▶ _Exercise aim_
In the entries that follow, find the line containing "Soporte para peluca o maniquí" and the line containing "Volkswagen Arteon 1.4", then retype exactly the lines from the first through the second, pictures excluded.

── Recorded information ──

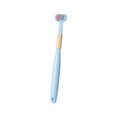 thumbnail image 1 of RYRDWP Children's Three-sided Toothbrush Boys And Girls Clean Soft Bristle Toothbrush Children's Toothbrush, 1 of 1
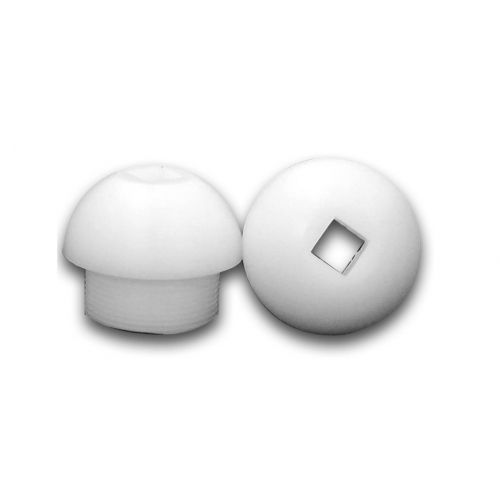 Igi Microphone Peg Replacement Nylon Caps, COLOUR: Black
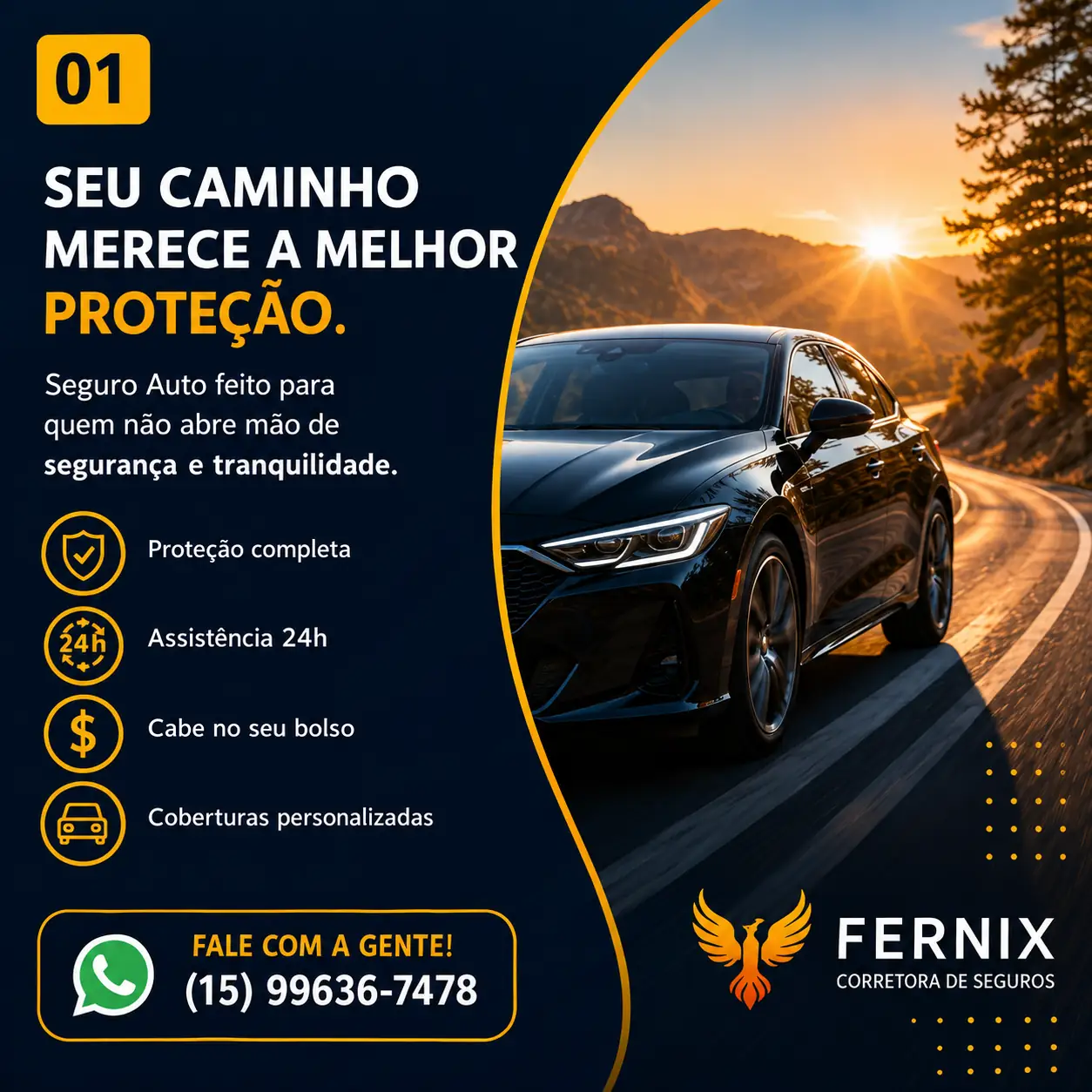 Seguro auto com protecao completa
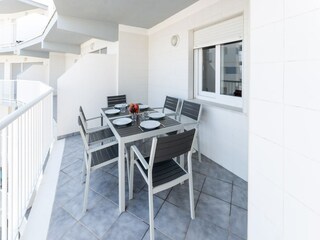 Apartment Daimús Außenaufnahme 3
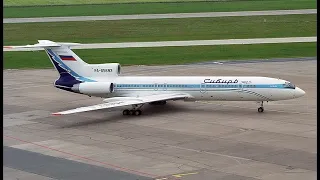 Siberia Airlines Flight 1812 - Crash Animation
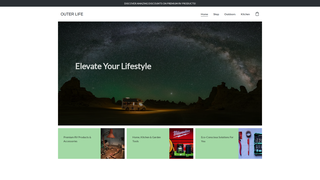 Thumbnail of outerlife.net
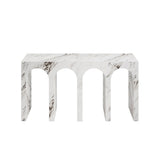 OTI Archie Calacatta Console Table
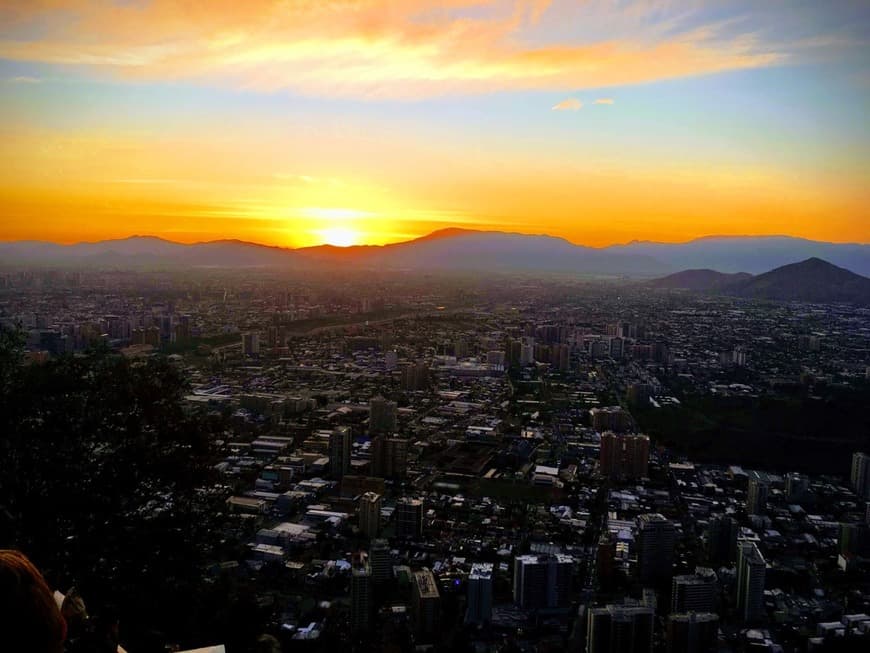 Lugar Cerro San Cristóbal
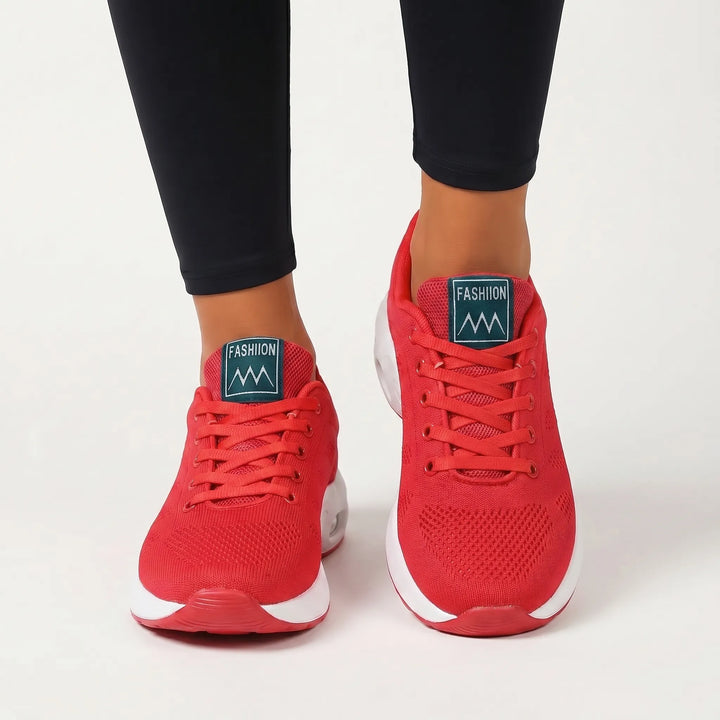 StridewellLow-Cut Lace-Up Supportive Trainers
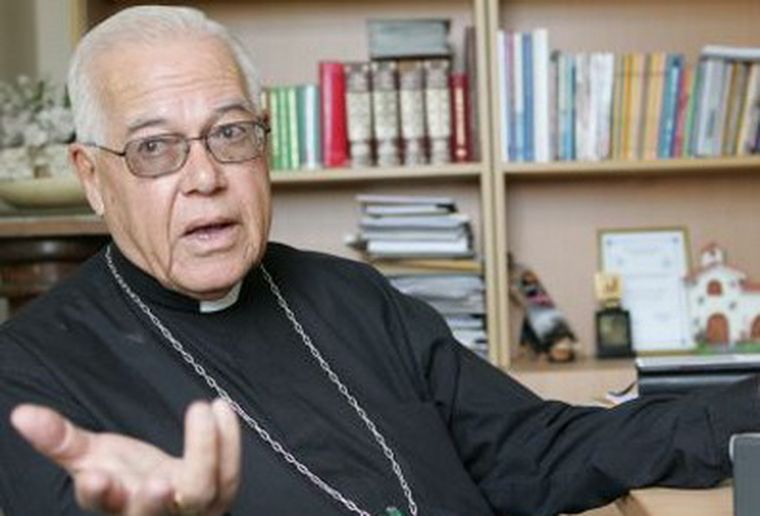 El obispo de las desgraciadas declaraciones. Foto: peru21.pe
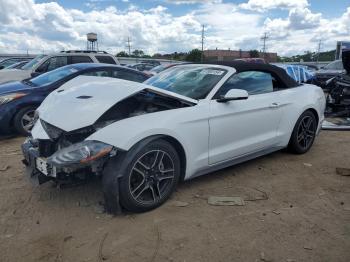  Salvage Ford Mustang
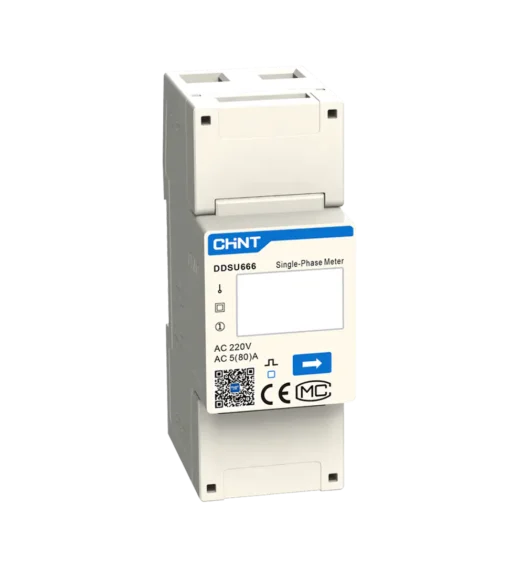 CHNT DDSU666 compteur d'énergie intelligent monophasé 220V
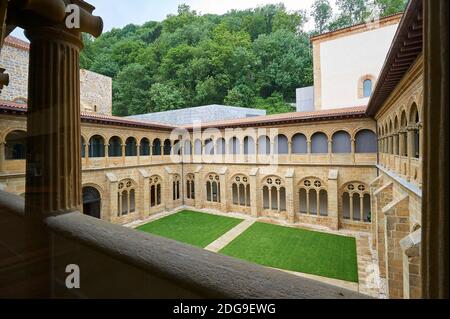 San Telmo Museum In Zuloaga Square, San Sebastian, Baskenland, Spanien Stockfoto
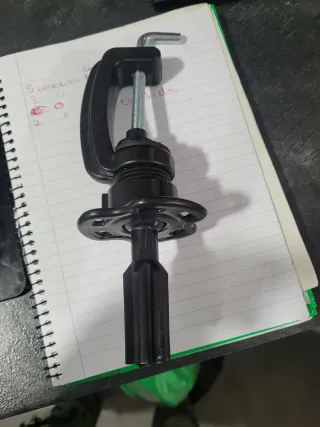 Soporte para peluca o maniquí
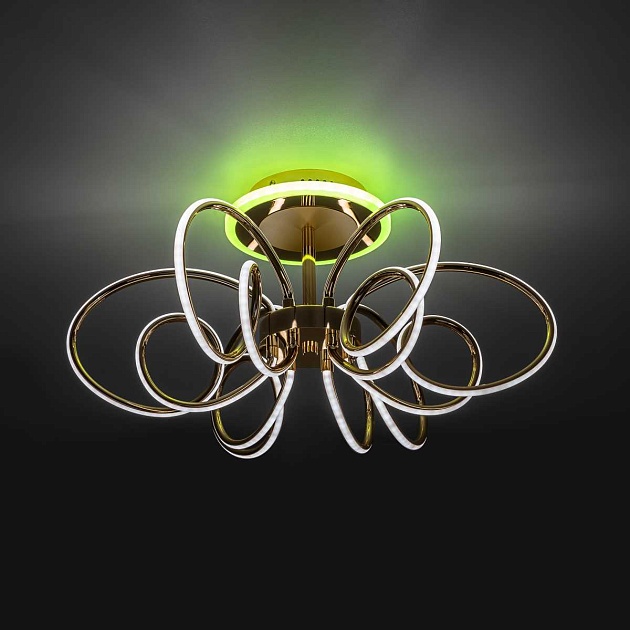 Потолочная светодиодная люстра Citilux Salma Smart CL224A162 изображение 12 Потолочная светодиодная люстра Citilux Salma Smart CL224A162 Фото № 12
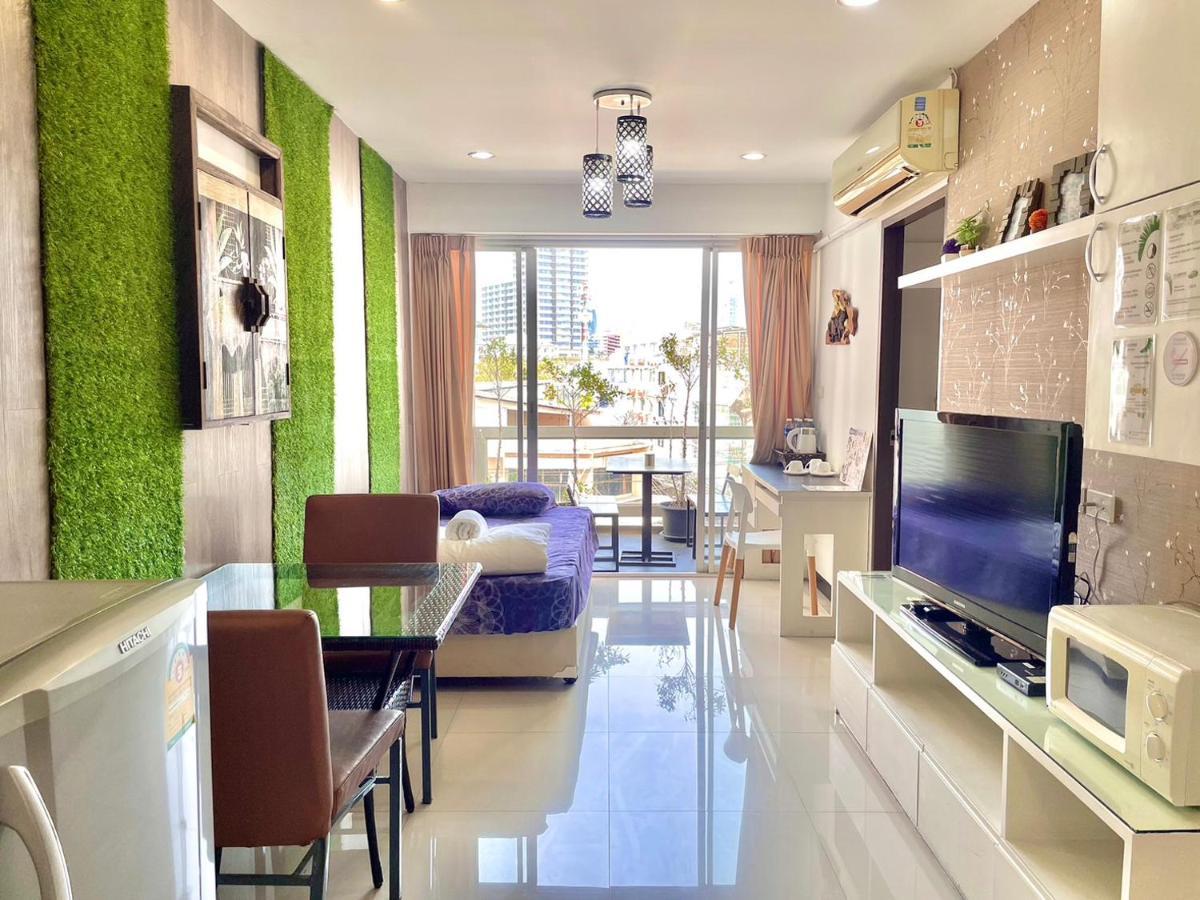 Baan Sabai Rama IV Apartment Banguecoque Exterior foto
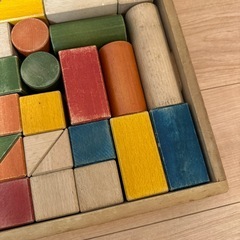 ボーネルンド　木の積み木セットの画像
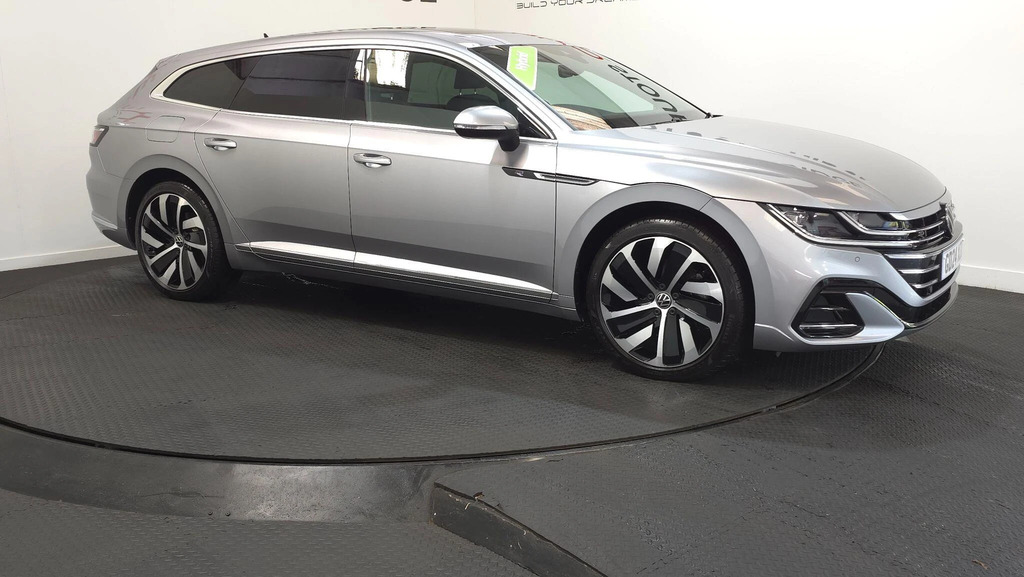 Volkswagen Arteon 1.4 Tsi 13Kwh R-line Shooting Brake Dsg Euro 6 S GD24XZO Silver #5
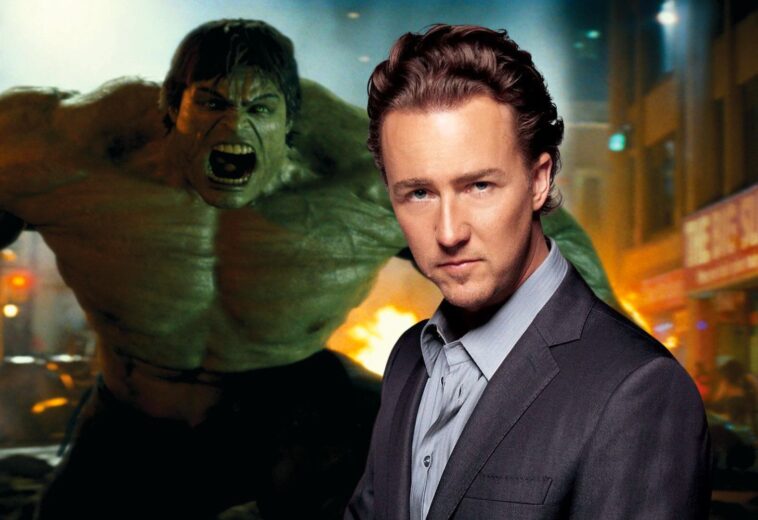 ¡Nos lo perdimos! Estos eran los planes de Edward Norton para El increíble Hulk 2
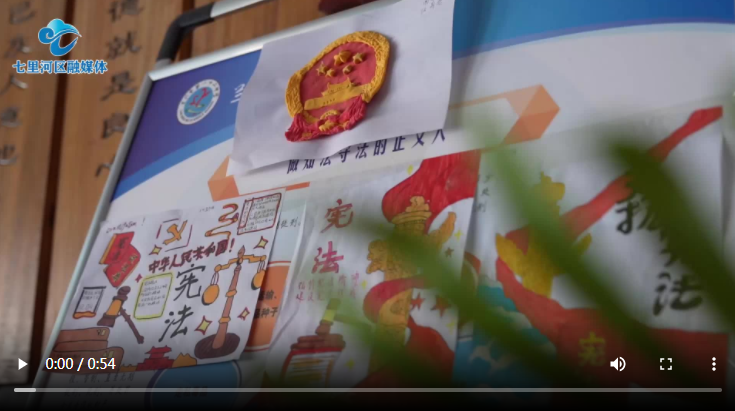 当思政撞上创意！兰州二十二中打造沉浸式“宪法艺术馆”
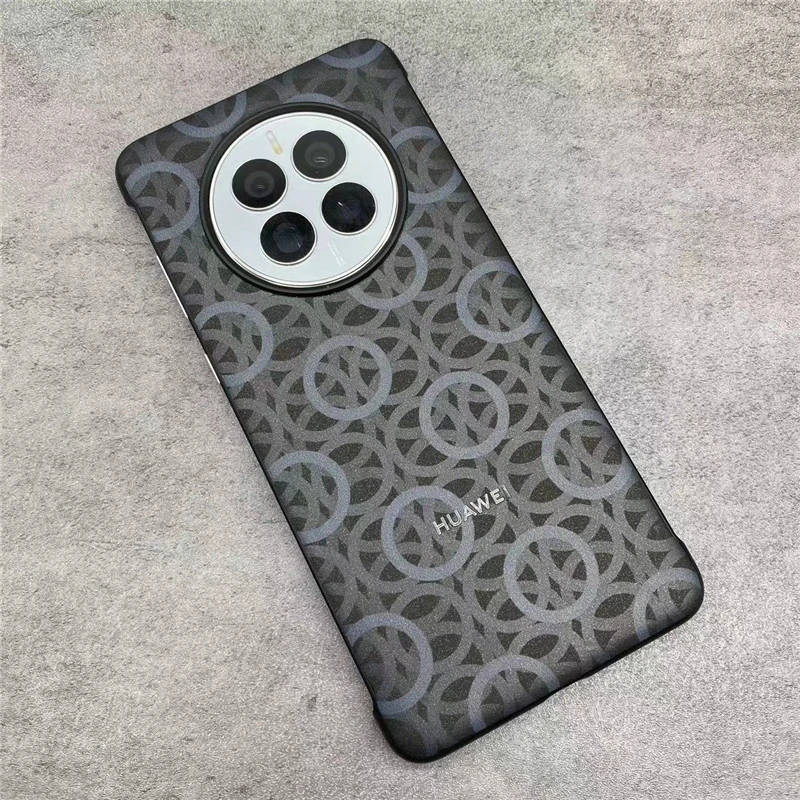 حافظة هواوي ميت 50 برو سيركلز الأصلية من جلد البولي يوريثان غطاء خلفي حافظة واقية لهاتف Mate50 Pro #3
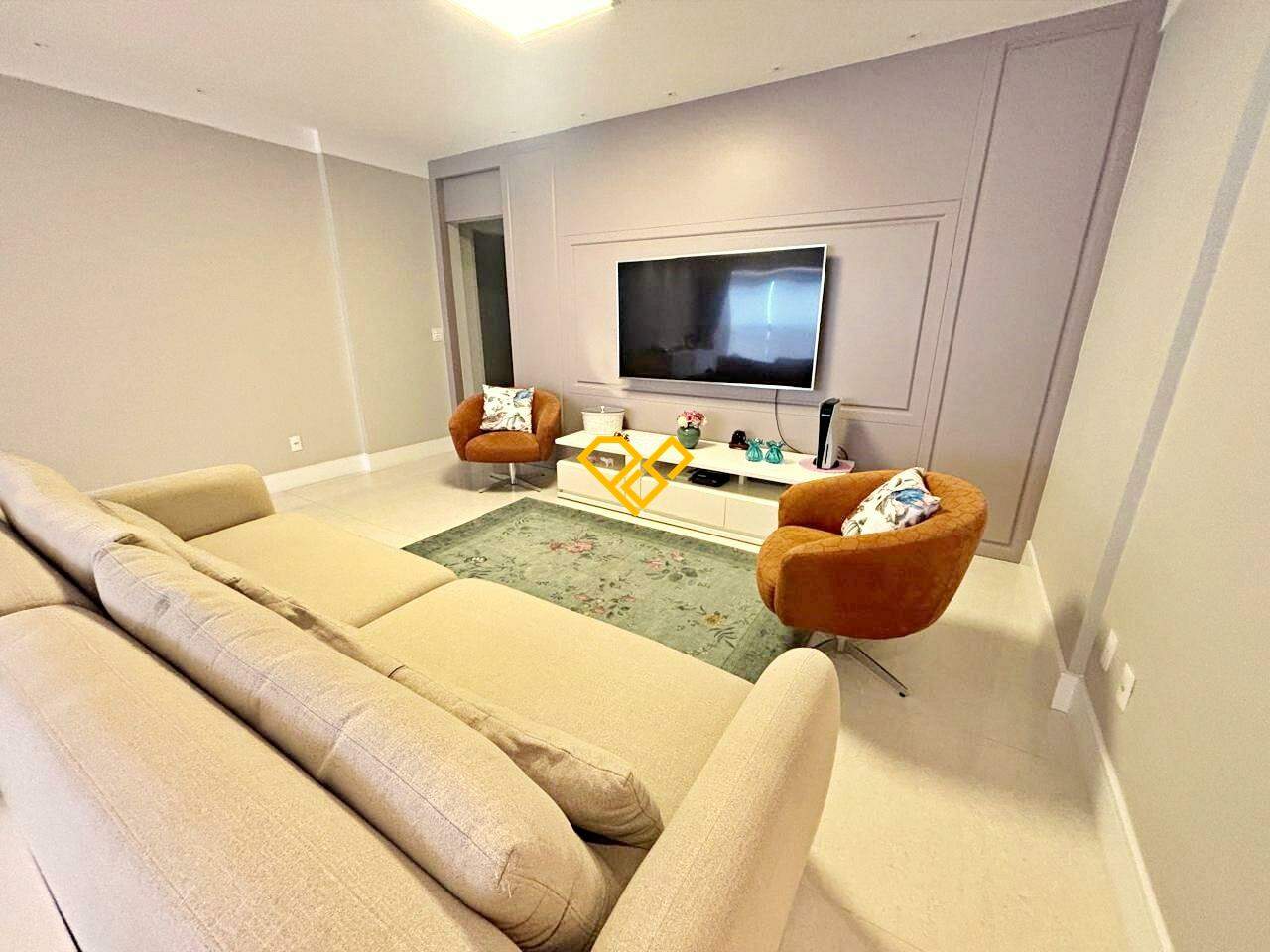 Apartamento à venda no Embaré: Sala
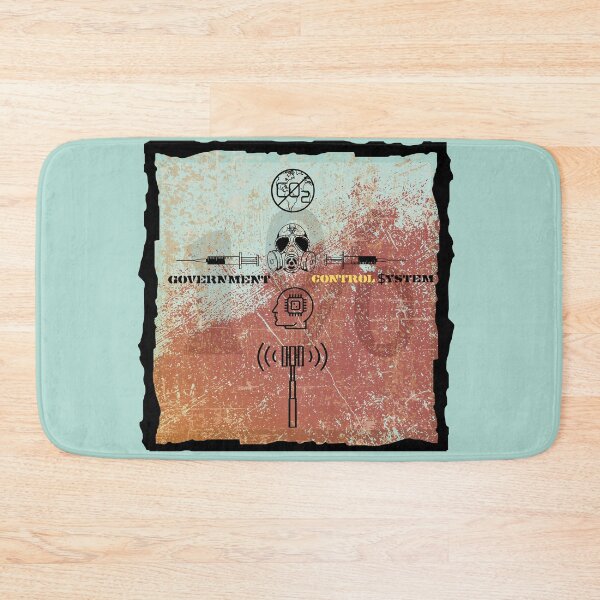 Item preview, Conspiracy Anti-Establishment Cross Graphic Print (Bold) designed and sold by Iiswaz.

───

▶ _Result of this exercise_
 Soporte para peluca o maniquí
 Потолочная светодиодная люстра Citilux Salma Smart CL224A162 изображение 12 Потолочная светодиодная люстра Citilux Salma Smart CL224A162 Фото № 12
 Baan Sabai Rama IV Apartment Banguecoque Exterior foto
 ボーネルンド　木の積み木セットの画像
 Volkswagen Arteon 1.4 Tsi 13Kwh R-line Shooting Brake Dsg Euro 6 S GD24XZO Silver #5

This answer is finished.